Given data:
..............................
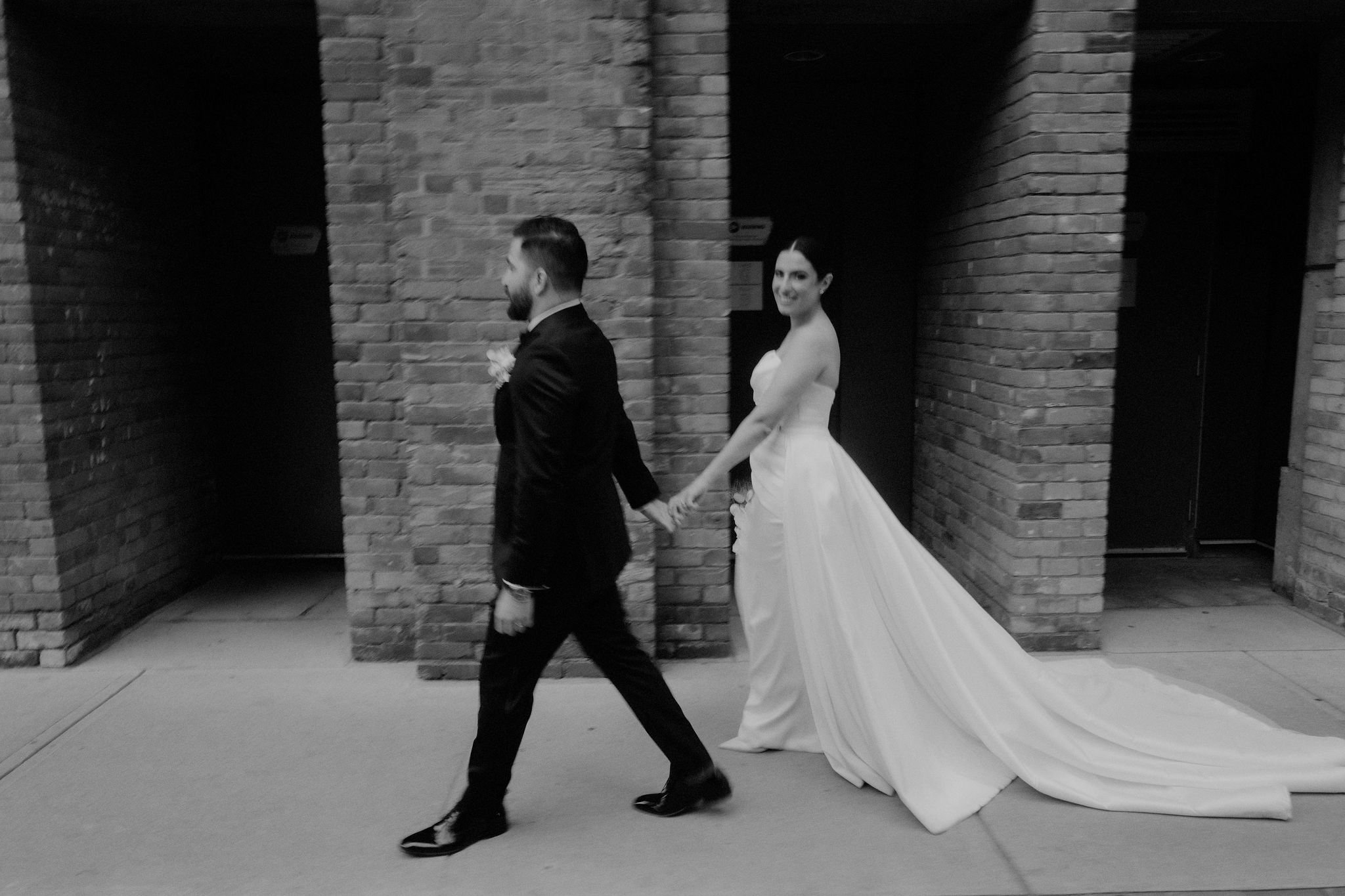Samantha and Michael's wedding was a masterpiece of simplicity and grace. Every detail meticulously curated to embrace the beauty of minimalism. The venue exuded an airy elegance that perfectly captured the essence of their love story. From start to 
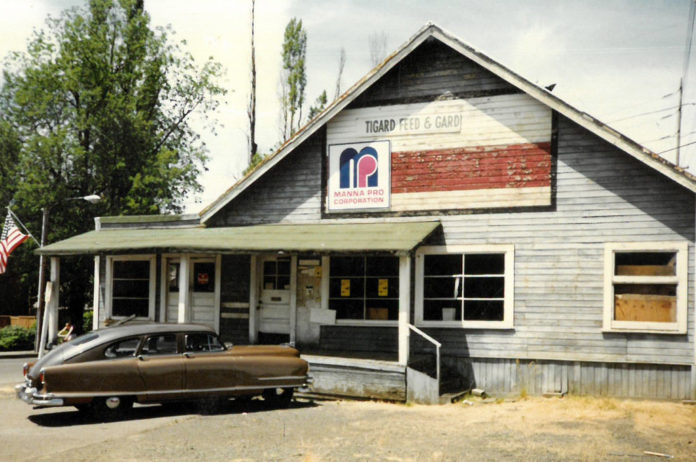 Tigard Feed and Garden Store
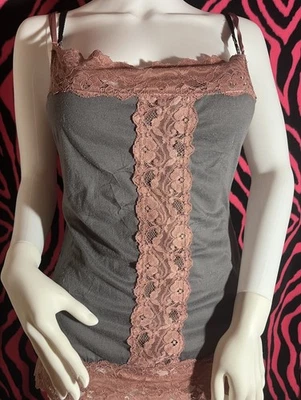 Top cami Lilly blanco gris con ribete de encaje Champaign para mujer talla mediana Foto 1 de 4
..............................
Action item:
Leave out the pictures and return the listing exactly.

Response:
Samantha and Michael's wedding was a masterpiece of simplicity and grace. Every detail meticulously curated to embrace the beauty of minimalism. The venue exuded an airy elegance that perfectly captured the essence of their love story. From start to 
 Tigard Feed and Garden Store
 Top cami Lilly blanco gris con ribete de encaje Champaign para mujer talla mediana Foto 1 de 4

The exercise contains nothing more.